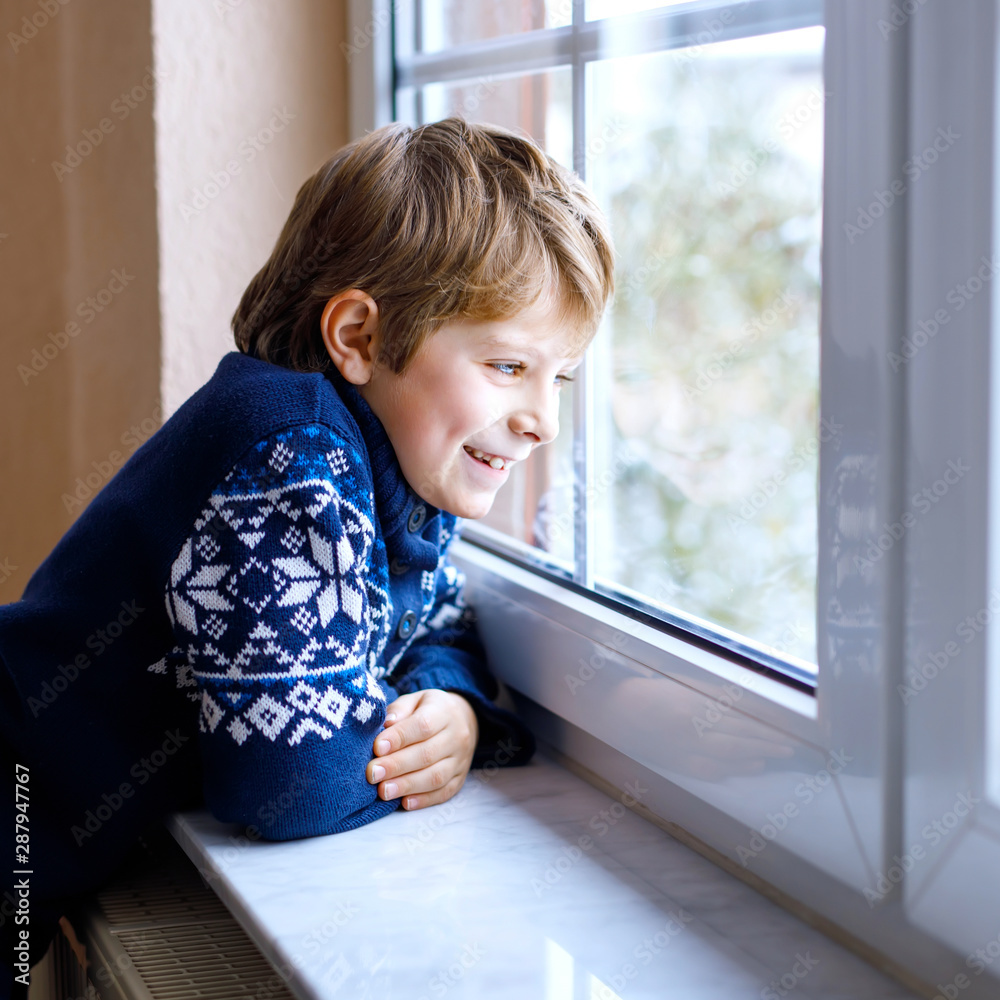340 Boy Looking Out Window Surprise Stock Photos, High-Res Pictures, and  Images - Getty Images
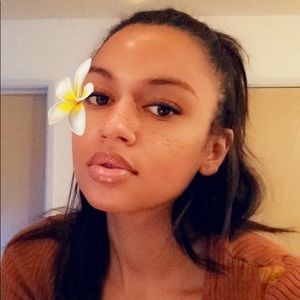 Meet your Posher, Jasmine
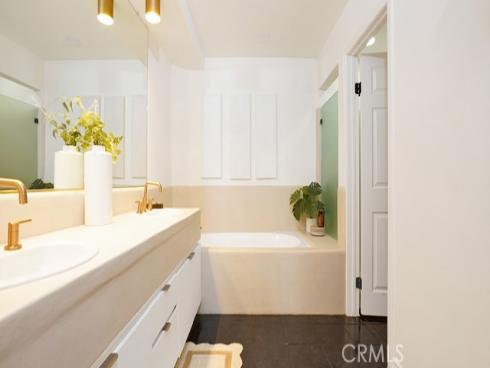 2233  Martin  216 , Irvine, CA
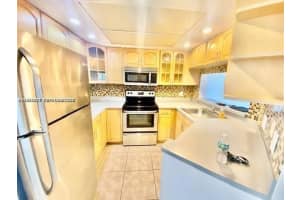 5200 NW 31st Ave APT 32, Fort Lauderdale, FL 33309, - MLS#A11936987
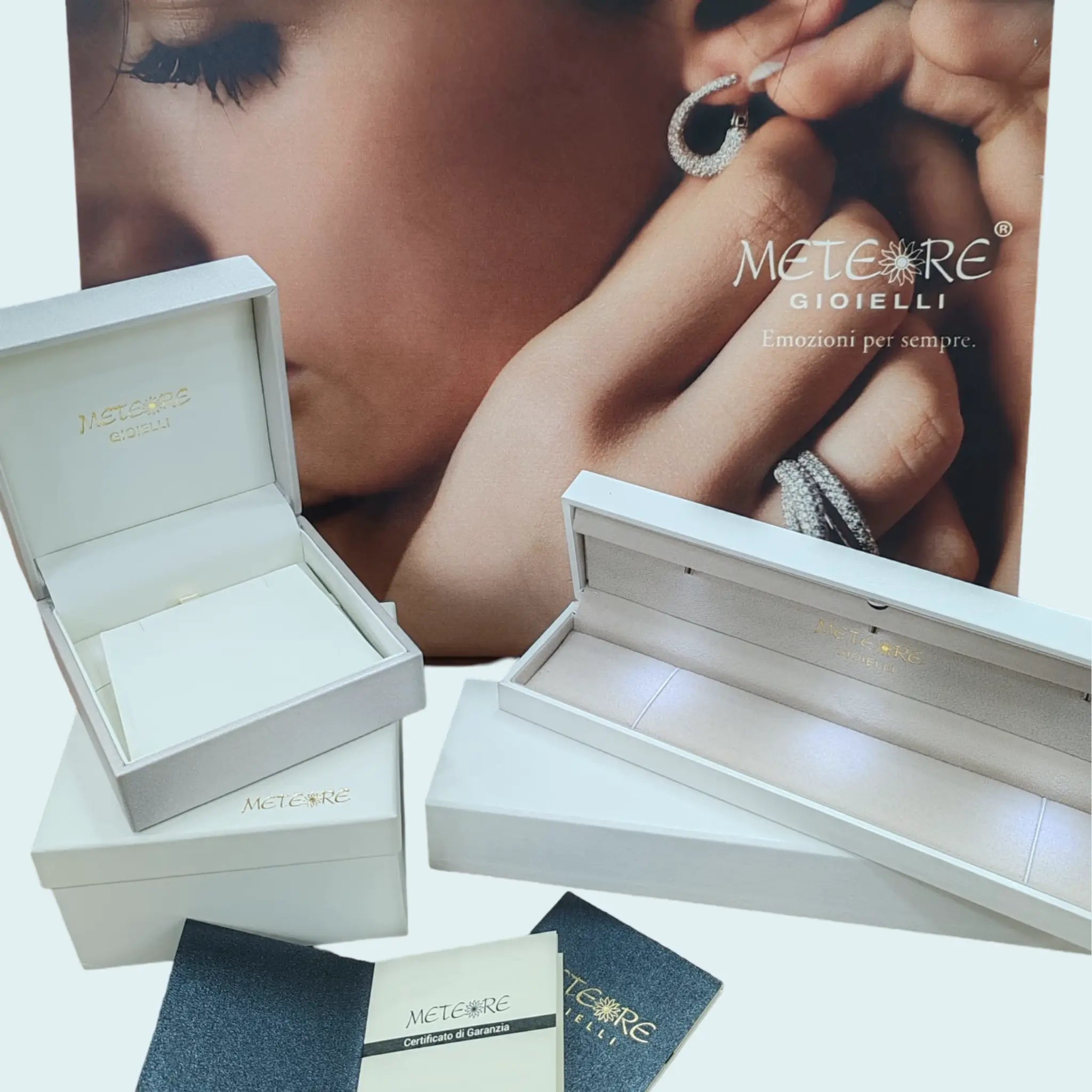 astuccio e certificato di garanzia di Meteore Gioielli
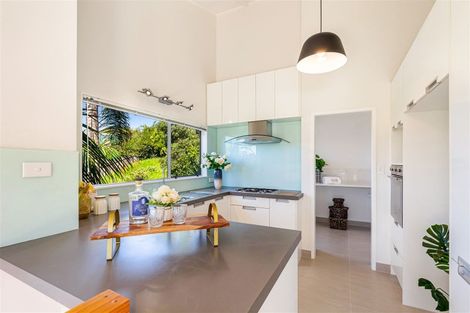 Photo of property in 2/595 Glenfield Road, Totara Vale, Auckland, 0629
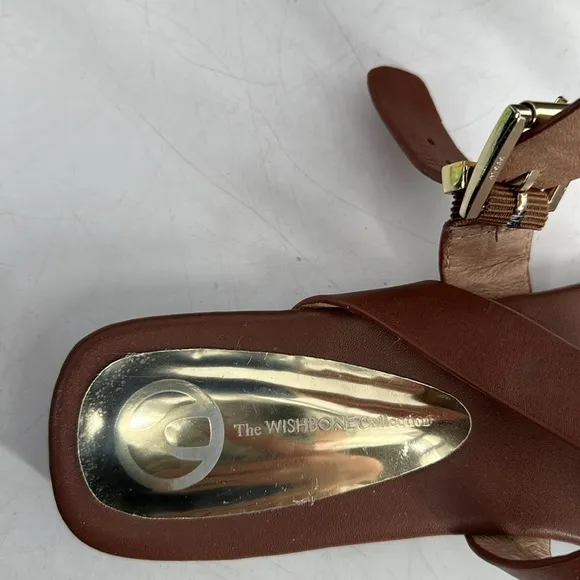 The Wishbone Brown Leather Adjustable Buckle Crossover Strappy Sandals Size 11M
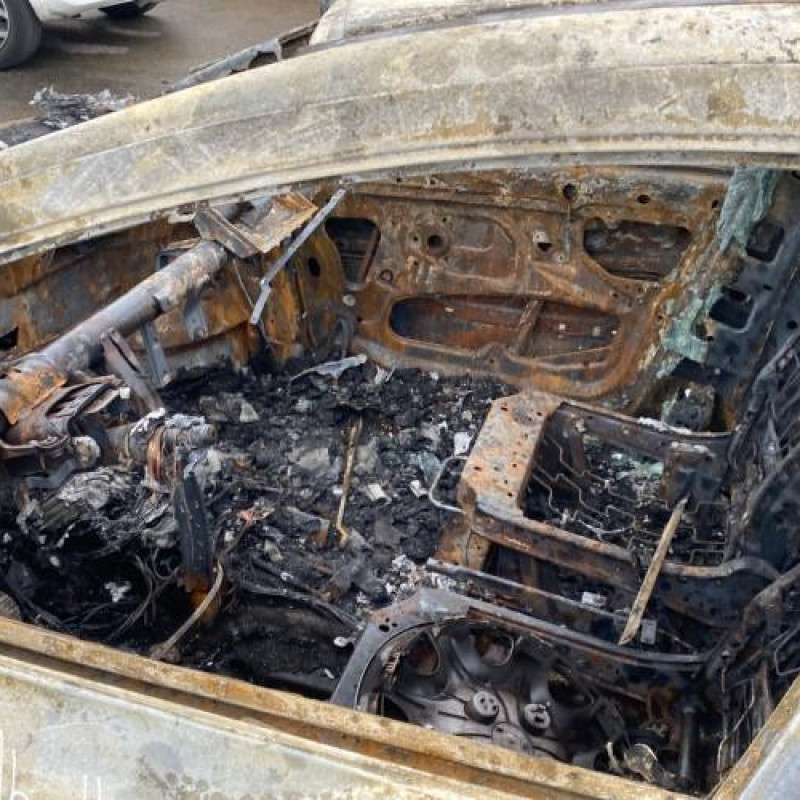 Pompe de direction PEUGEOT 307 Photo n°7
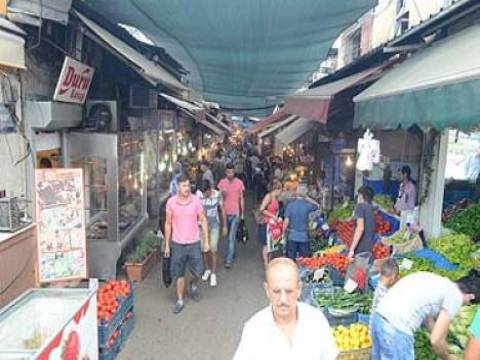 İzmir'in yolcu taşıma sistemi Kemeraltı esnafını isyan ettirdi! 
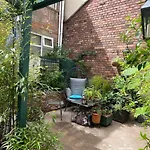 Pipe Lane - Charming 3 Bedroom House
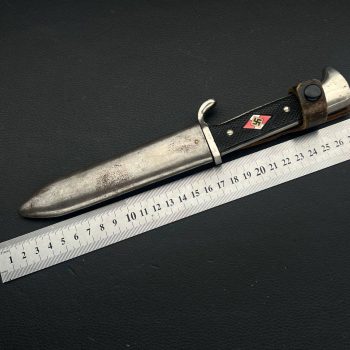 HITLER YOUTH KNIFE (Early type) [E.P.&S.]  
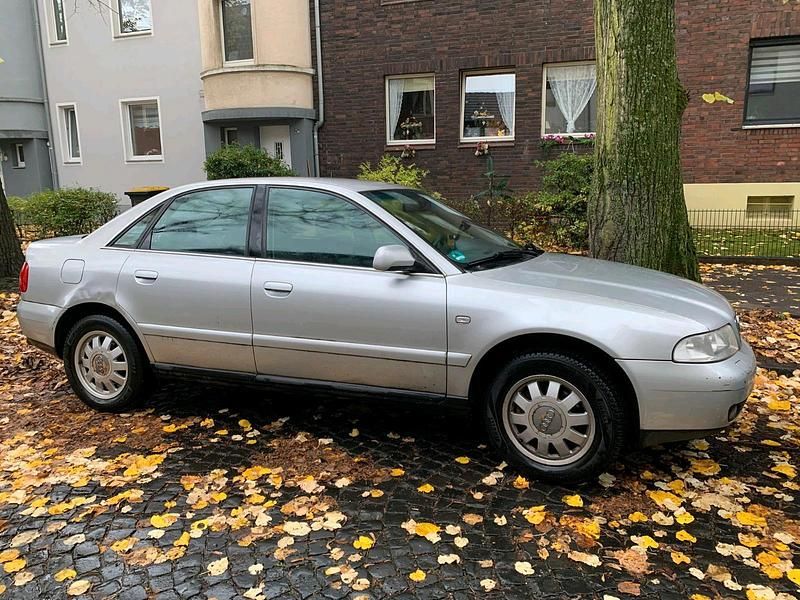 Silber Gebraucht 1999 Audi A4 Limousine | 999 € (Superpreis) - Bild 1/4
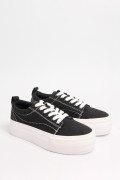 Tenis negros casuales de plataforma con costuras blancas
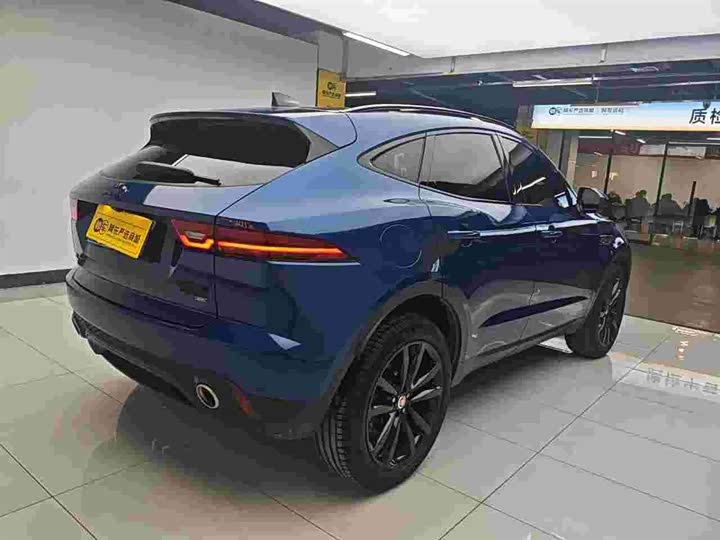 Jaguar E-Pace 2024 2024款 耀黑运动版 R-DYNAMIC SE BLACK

Work order: The answer should consist only of the lines from the line with "216 , Irvine, CA" through the last line of the data, repeated exactly; pictures stay out.

Reply:
 2233  Martin  216 , Irvine, CA
 5200 NW 31st Ave APT 32, Fort Lauderdale, FL 33309, - MLS#A11936987
 astuccio e certificato di garanzia di Meteore Gioielli
 Photo of property in 2/595 Glenfield Road, Totara Vale, Auckland, 0629
 The Wishbone Brown Leather Adjustable Buckle Crossover Strappy Sandals Size 11M
 Pompe de direction PEUGEOT 307 Photo n°7
 İzmir'in yolcu taşıma sistemi Kemeraltı esnafını isyan ettirdi! 
 Pipe Lane - Charming 3 Bedroom House
 HITLER YOUTH KNIFE (Early type) [E.P.&S.]  
 Silber Gebraucht 1999 Audi A4 Limousine | 999 € (Superpreis) - Bild 1/4
 Tenis negros casuales de plataforma con costuras blancas
 Jaguar E-Pace 2024 2024款 耀黑运动版 R-DYNAMIC SE BLACK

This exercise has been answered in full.